AIM OF THE EXERCISE = Among the records below, find the line with "2 Packs Interactive" and the line with "Док-станция Baseus Metal". Set down both and every line between, exactly and with no pictures, but nothing else.

DATA PROVIDED =
• • •
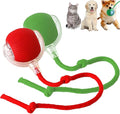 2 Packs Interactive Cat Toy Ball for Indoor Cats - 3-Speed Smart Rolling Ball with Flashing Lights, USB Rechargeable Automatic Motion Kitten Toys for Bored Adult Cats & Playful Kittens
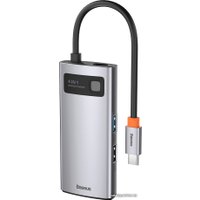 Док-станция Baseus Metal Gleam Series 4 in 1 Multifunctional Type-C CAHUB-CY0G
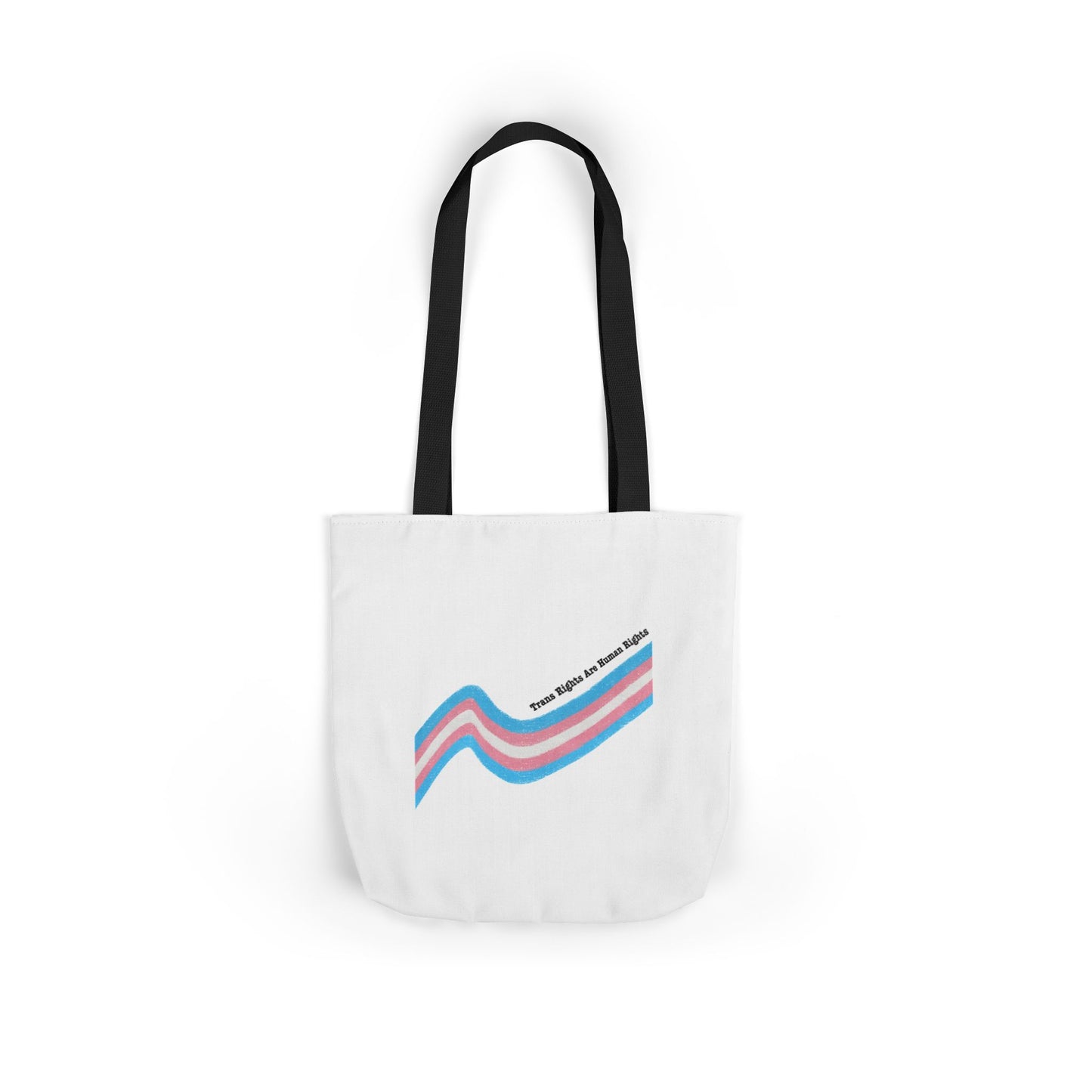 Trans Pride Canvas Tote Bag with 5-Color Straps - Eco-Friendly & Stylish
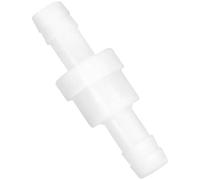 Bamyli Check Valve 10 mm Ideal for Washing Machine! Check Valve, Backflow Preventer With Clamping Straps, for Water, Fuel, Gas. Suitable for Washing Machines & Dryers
• • •
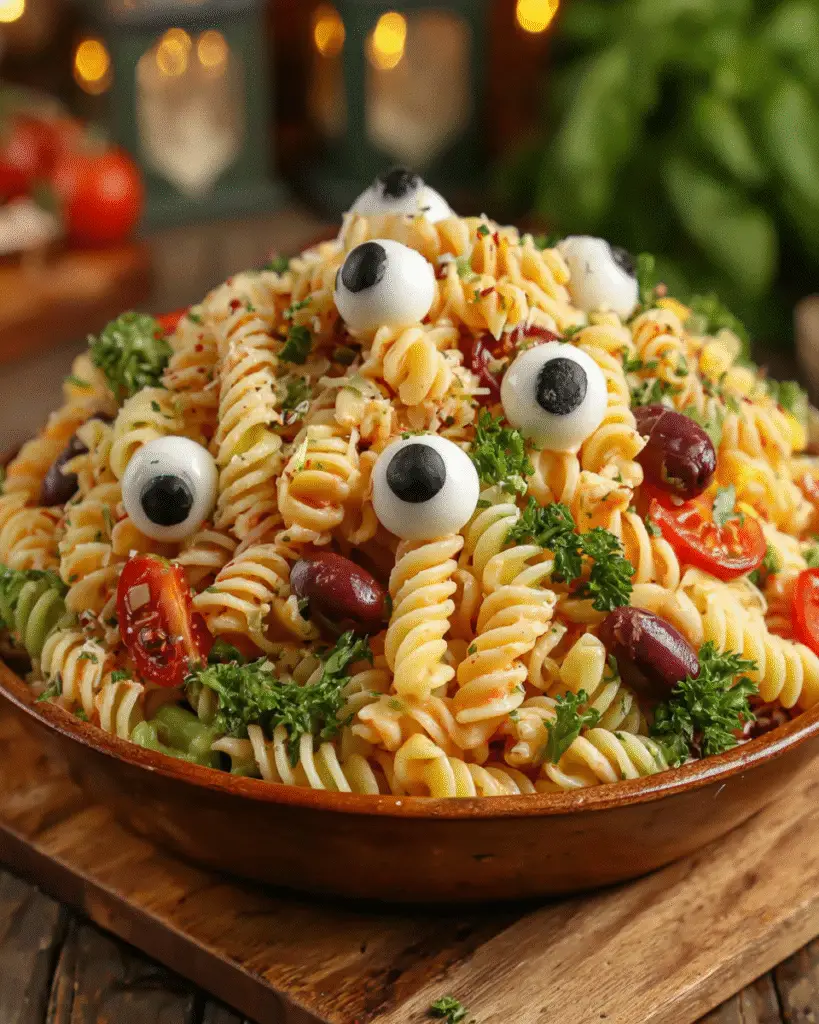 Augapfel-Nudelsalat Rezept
• • •
EXERCISE OUTPUT =
 2 Packs Interactive Cat Toy Ball for Indoor Cats - 3-Speed Smart Rolling Ball with Flashing Lights, USB Rechargeable Automatic Motion Kitten Toys for Bored Adult Cats & Playful Kittens
 Док-станция Baseus Metal Gleam Series 4 in 1 Multifunctional Type-C CAHUB-CY0G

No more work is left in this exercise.